There's a lot of "WTF" to go through here, so let's take it step by step. First of all, this kind of study works strictly on a tadpole. Tadpoles are the larval stage in the life cycle of an amphibian, particularly that of a frog or toad. When they're first hatched, they have a more or less globular body, a laterally compressed tail and internal or external gills. As they grow, they undergo a metamorphosis, growing limbs, developing lungs and reabsorbing the tail. Their digestive system also changes greatly, developing from a herbivorous lifestyle as a tadpole to a carnivorous lifestyle as an adult.

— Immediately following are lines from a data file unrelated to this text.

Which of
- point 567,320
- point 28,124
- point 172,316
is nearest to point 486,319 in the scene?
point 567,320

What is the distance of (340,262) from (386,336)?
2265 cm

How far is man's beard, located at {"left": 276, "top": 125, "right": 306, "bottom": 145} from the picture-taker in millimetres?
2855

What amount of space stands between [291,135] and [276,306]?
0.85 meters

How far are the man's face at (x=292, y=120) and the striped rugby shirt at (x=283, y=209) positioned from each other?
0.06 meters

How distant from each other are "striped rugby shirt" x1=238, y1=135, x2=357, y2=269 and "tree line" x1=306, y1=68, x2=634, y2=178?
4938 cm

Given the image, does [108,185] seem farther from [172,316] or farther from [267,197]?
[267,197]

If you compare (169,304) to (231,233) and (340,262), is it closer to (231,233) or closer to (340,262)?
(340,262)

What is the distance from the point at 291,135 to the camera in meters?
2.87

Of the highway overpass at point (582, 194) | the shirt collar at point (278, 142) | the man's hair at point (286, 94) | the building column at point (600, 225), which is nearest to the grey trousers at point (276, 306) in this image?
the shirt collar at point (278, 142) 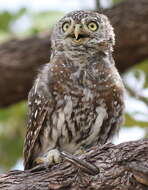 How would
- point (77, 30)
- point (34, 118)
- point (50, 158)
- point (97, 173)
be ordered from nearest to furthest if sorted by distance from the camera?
1. point (97, 173)
2. point (50, 158)
3. point (34, 118)
4. point (77, 30)

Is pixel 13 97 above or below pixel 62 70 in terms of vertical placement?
above

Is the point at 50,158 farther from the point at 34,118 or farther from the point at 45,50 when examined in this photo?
the point at 45,50

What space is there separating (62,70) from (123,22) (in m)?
2.56

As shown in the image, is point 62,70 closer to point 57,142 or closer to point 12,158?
point 57,142

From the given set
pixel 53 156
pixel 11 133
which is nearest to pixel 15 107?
pixel 11 133

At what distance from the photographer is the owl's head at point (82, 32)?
649 cm

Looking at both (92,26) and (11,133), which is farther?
(11,133)

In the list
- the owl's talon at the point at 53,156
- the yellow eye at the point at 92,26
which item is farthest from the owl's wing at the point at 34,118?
the yellow eye at the point at 92,26

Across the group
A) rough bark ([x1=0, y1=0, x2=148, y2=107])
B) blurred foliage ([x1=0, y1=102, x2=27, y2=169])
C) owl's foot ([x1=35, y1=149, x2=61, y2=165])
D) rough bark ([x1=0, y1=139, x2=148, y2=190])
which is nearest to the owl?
owl's foot ([x1=35, y1=149, x2=61, y2=165])

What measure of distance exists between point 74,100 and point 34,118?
1.47ft

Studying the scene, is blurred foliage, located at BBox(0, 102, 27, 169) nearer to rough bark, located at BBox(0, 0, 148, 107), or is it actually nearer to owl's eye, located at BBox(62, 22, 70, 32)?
rough bark, located at BBox(0, 0, 148, 107)

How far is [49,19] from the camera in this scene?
9.28 m

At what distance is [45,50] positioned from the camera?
29.0 feet

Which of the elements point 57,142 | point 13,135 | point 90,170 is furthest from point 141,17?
point 90,170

The eyes also undergo a massive development. As they grow, they send out snaking tendrils of nerve fiber, or axons. We know this from previous experiments, where biologists injected these cells with a marker, fluorescent protein. This allowed them to visualize nerve growth as it happened. About half of the nerves connected directly to the spine, while the other half built connections near the stomach. But none of them connected to the brain. So researchers figured if tadpole eyes don't connect to the brain, then they don't have to be on the head, right? Well, I wouldn't have made that leap, but they did.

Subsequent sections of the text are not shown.